Starting with the line with "Stacy Adams Reynolds Cap Toe Lace-Up Men's" in the entries below and going on through the line with "2020, Audi /", output every line exactly and nothing more. No pictures.

*** DATASET EXTRACT ***

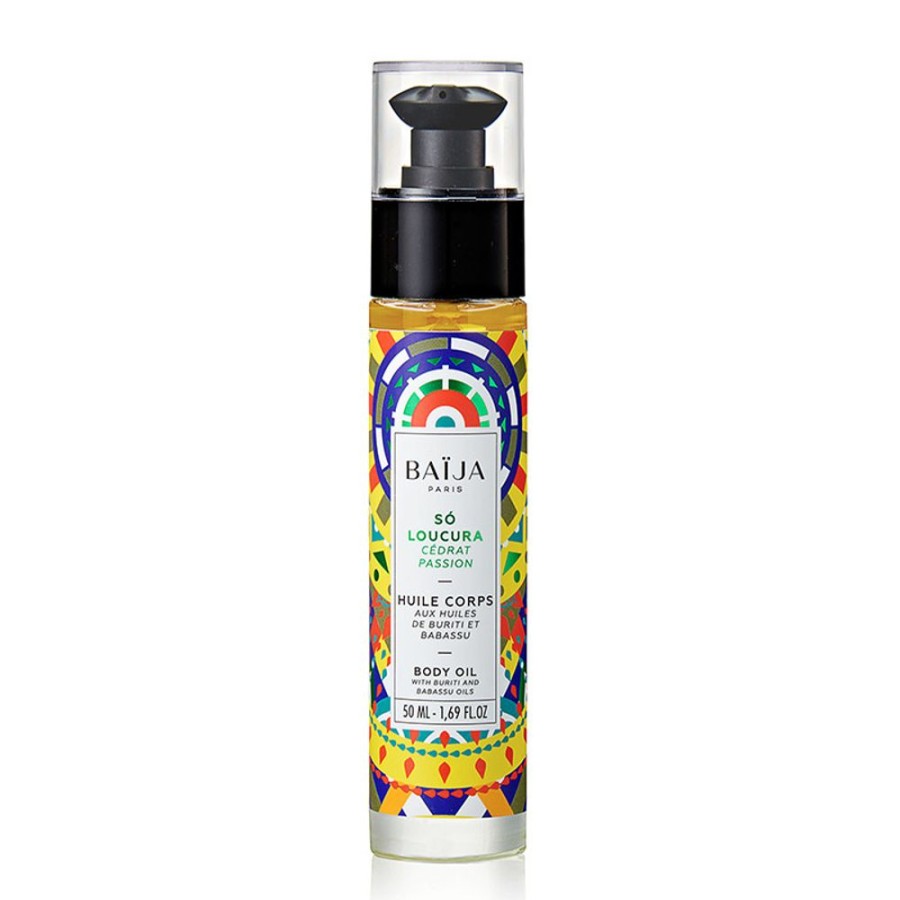 Soins BaÏja Soin Hydratant | Huile Corps So Loucura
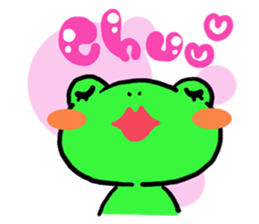 croak-croak sticker #542132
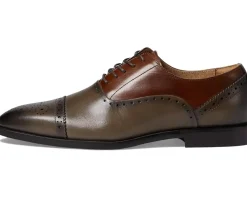 Stacy Adams Reynolds Cap Toe Lace-Up Men's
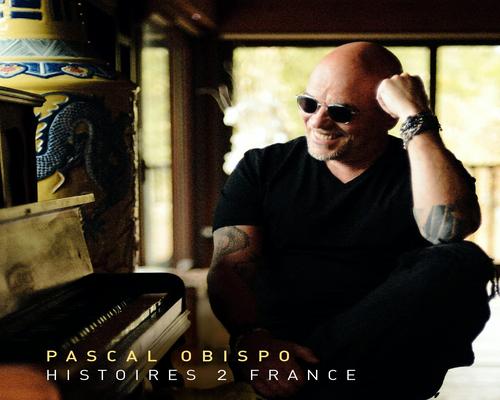 un Cd Édition Limitée De Pascal Obispo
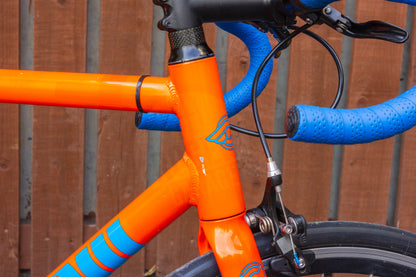 Cinelli Tipo Pista Custom Build Track Bike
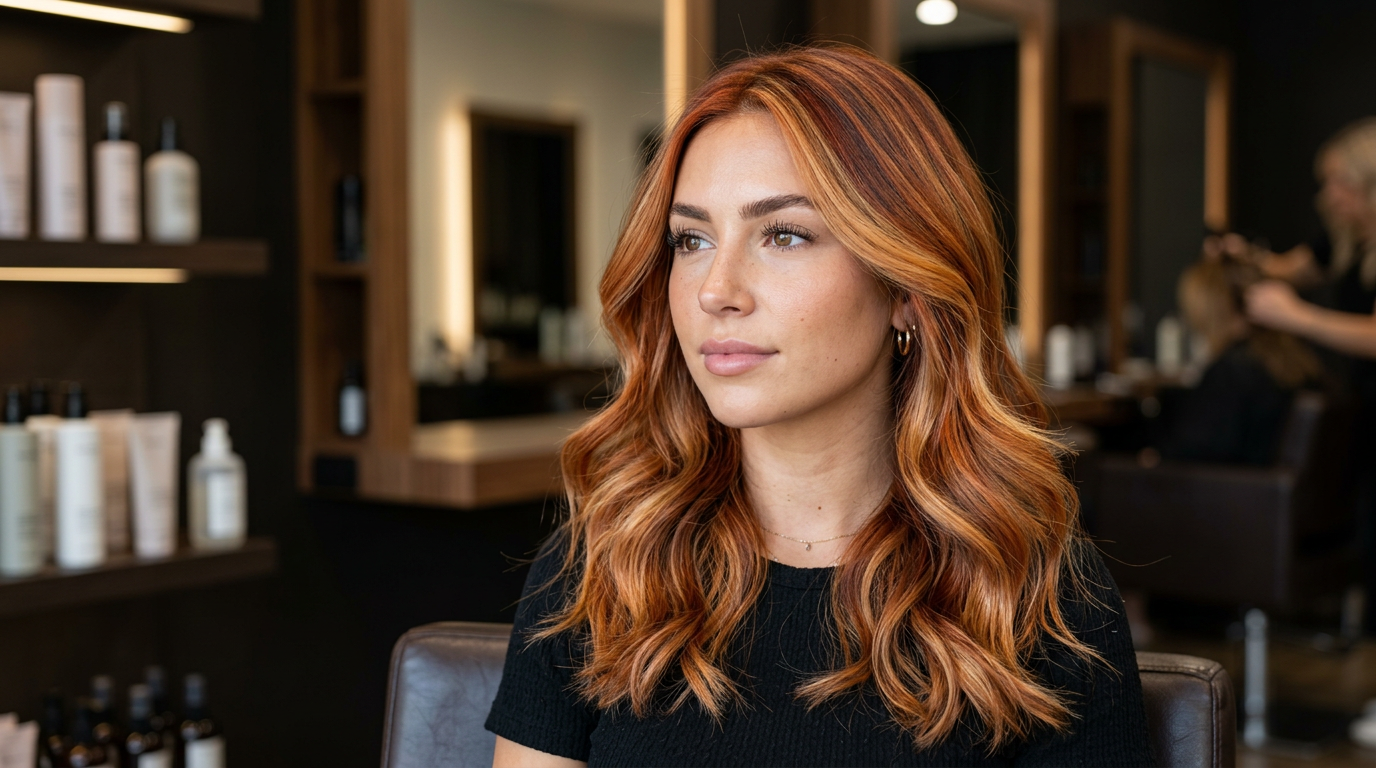 Kuaföre gitmeden saç boyasını açmanın pratik yolu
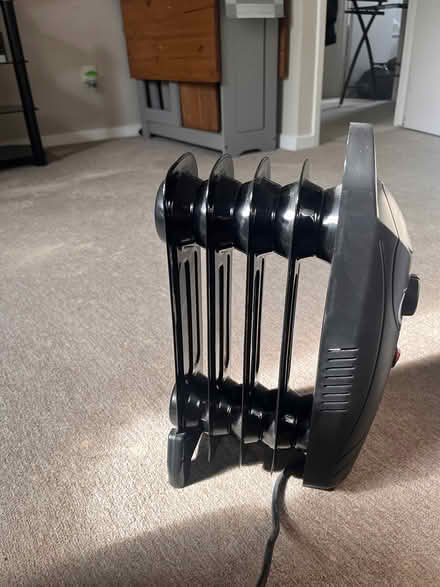 Photo of free Russell Hobbs oil filled radiator (Sandhurst) #3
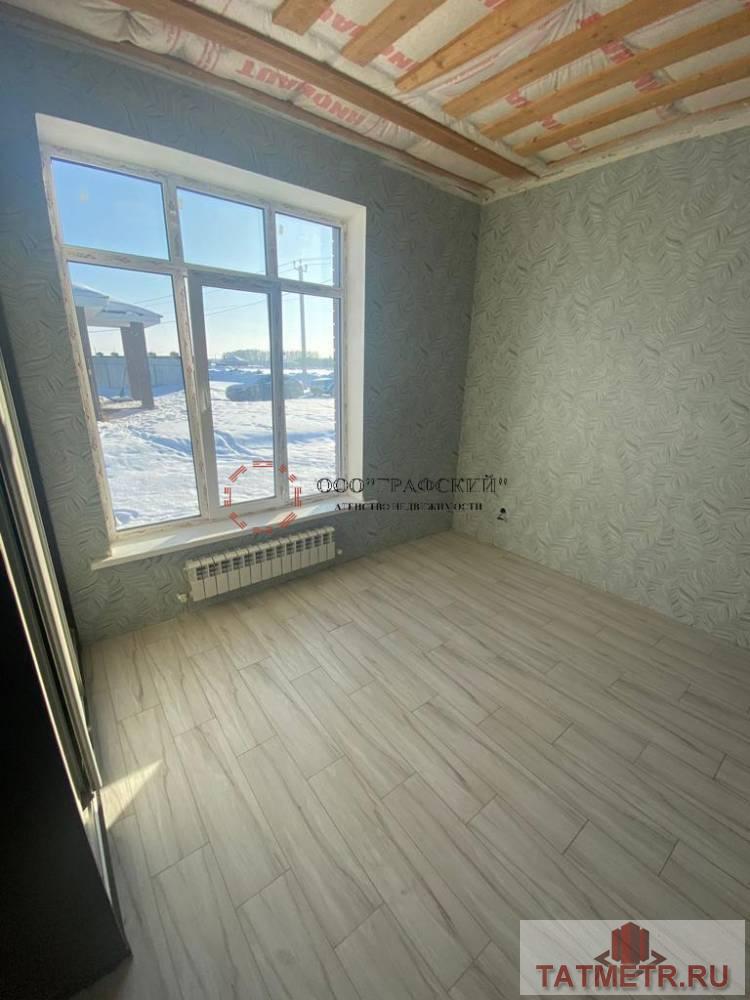 Продается замечательный дом, очень светлый и уютный в Лаишевском районе РТ в д. Зимняя Горка.  Площадь дома — 88,6... - 2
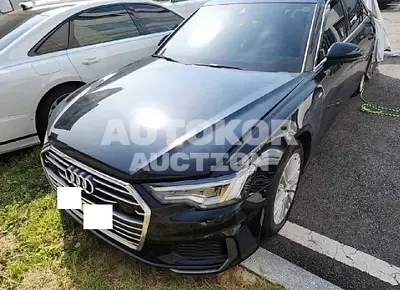 2020, Audi / A6, VIN: WAUZZZF27LN049663, 81901 км., gas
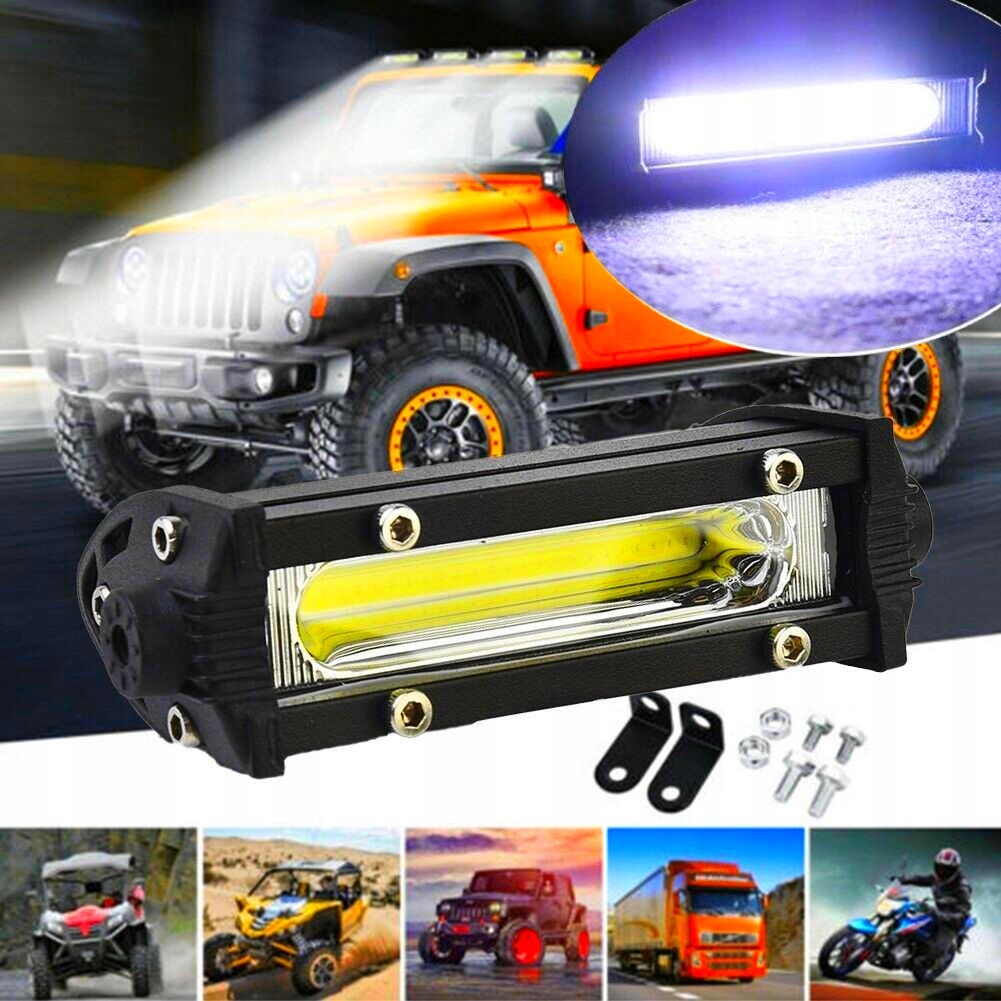 Lampa robocza cofania COB LED IP67 9W 12V 24V Numer katalogowy części ML861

*** End of DATASET EXTRACT ***

ANSWER SECTION =
 Stacy Adams Reynolds Cap Toe Lace-Up Men's
 un Cd Édition Limitée De Pascal Obispo
 Cinelli Tipo Pista Custom Build Track Bike
 Kuaföre gitmeden saç boyasını açmanın pratik yolu
 Photo of free Russell Hobbs oil filled radiator (Sandhurst) #3
 Продается замечательный дом, очень светлый и уютный в Лаишевском районе РТ в д. Зимняя Горка.  Площадь дома — 88,6... - 2
 2020, Audi / A6, VIN: WAUZZZF27LN049663, 81901 км., gas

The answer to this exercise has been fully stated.